# Belkin wireless router



## Hoby (Mar 13, 2006)

I have this running with my xp but when I try to change any settings it asks me for a password that I don't remember creating.
How can i find this out.
Many thanks, Allan.


----------



## Augie65 (Mar 24, 2005)

Try *admin* or *Admin*.


----------



## Hoby (Mar 13, 2006)

Tried them both, along with Password, password, Pass and pass etc.
Really annoying as I don't remember creating a password.


----------



## Old Rich (Jan 17, 2003)

There is a tiny reset button on the back . . about the size of a ball point tip . . press it for a count of 10 and it will reset to the default settings . . You will then have to recreate any custom settings you had before.


----------



## Hoby (Mar 13, 2006)

I was hoping I wouldn't have to reset my router as I had a nightmare getting it all set up the 1st time.


----------



## techkid (Sep 2, 2004)

Do you still have the manual for the router?

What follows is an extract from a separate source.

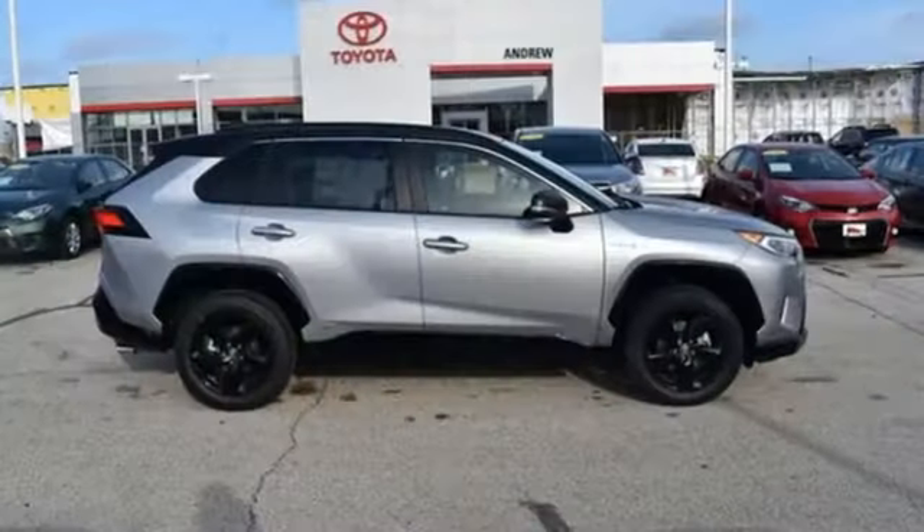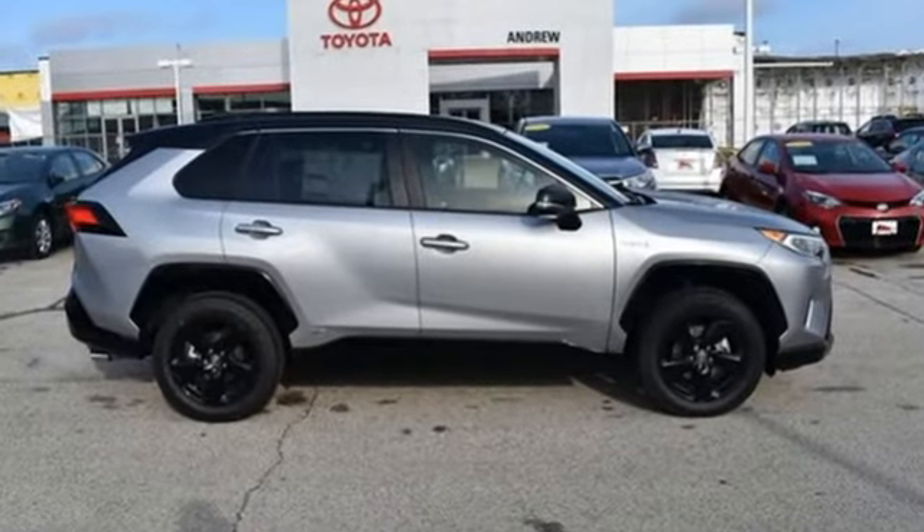Toyota — steered by ingenuity, driven by passion. Take it for a test drive today.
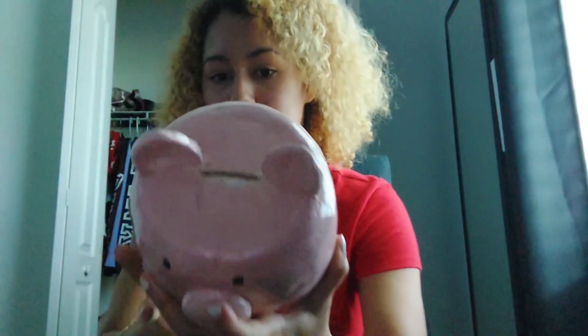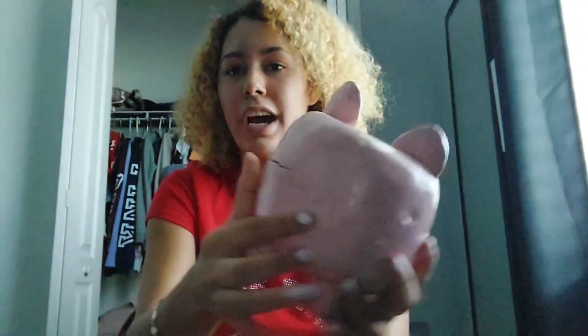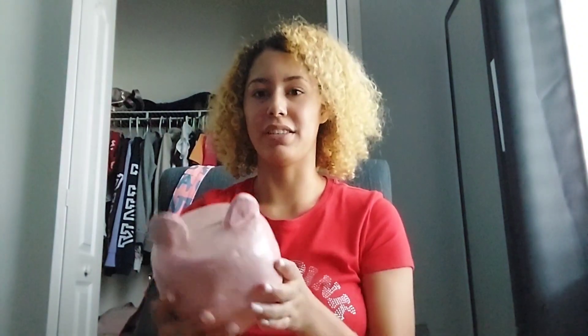Look how freaking cute it is — the little eyes, the nose, the ears, and as you can see this is where you put the money. It's a little cracked in the back but as long as it's not fully broken. Here are the little feet and then the hole on the bottom, and it can actually stand up all by itself. It just has a tiny tilt but look how freaking adorable it is — I love it so much.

Usually it has in there the default password. Possibly, the password can be blank (i.e. no password at all).


----------



## Hoby (Mar 13, 2006)

I don't have the manual anymore. It does say thet if I haven't created a password leave blank and click submit but when I do this it says wrong password entered.


----------



## remaja (May 15, 2006)

the first thing you keyed in the password form before you created any password. that should do the trick.
if worst comes to worst, you'll have to reset. the setup wouldn't take you long.


----------



## remaja (May 15, 2006)

it's pretty obvious that someone had created the password for you. if nothing works just reset it.


----------



## fastmode (Sep 25, 2006)

Don't type anything in for username, just type *admin* in the password field.


----------



## Hoby (Mar 13, 2006)

I ended up resetting it in the end. I have the router and dongle pairing again but I can't connect to the net using wireless, I've needed to plug my old aol modem back in.
Everything looks sound apart from it not registering on the net. pppeo miniport or something.
Why does it work with cable but not wireless though?
oh and when I input the ip address in the browser, it doesn't come up anymore either.


----------



## Hoby (Mar 13, 2006)

why can't I connect with a WAN miniport PPPoE through wireless. 

This all used to work before I reset it earlier today.

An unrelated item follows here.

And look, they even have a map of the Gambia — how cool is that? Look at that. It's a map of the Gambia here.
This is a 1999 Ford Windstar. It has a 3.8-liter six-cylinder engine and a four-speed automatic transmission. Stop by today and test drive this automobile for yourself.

In any case how can I set up another connection so it works through wireless?

To let you all understand i created a shortcut so I wouldn't have to use aol's homepage and browser.


----------



## spudmister (Mar 5, 2007)

Go online and check the Belkin website for a user manual for your model..When you reset the router you also reset it back to its default ip address...probably something like 192.168.0.1..check the ip address of your system..its probaly not even close right now..you may have to set a static ip address on your system in order to get to the router config..


----------



## Hoby (Mar 13, 2006)

spudmister said:


> ..check the ip address of your system..its probaly not even close right now..you may have to set a static ip address on your system in order to get to the router config..


How do I do this please?

And also, why doesn't my router open up when I enter the ip address in a web browser?


----------



## spudmister (Mar 5, 2007)

go into your network settings for your network card..

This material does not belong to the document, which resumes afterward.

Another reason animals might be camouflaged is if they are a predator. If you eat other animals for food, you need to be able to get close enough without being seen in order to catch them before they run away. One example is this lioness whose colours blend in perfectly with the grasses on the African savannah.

In the center where it lists the connection protocols..(i.e. tcp/ip, client for ms networks etc.) go down to the tcp/ip settings & click properties. Instead of having it obtain an ip address automatically enter one in in the same range as the router now has..(again go to belkins site and download the manual for your model) set the default gateway to (example 192.168.0.1) or whatever the ip address the router defaults to..match the subnet as well probably 255.255.255.0..then you should be able to get to the router thru your browser

You cant get to it now probably because you are on a different network than the browser is..if you received an ip address from your isp you most definitely are.


----------



## techkid (Sep 2, 2004)

spudmister said:


> ..check the ip address of your system..its probaly not even close right now..you may have to set a static ip address on your system in order to get to the router config..
> 
> 
> Hoby said:
> ...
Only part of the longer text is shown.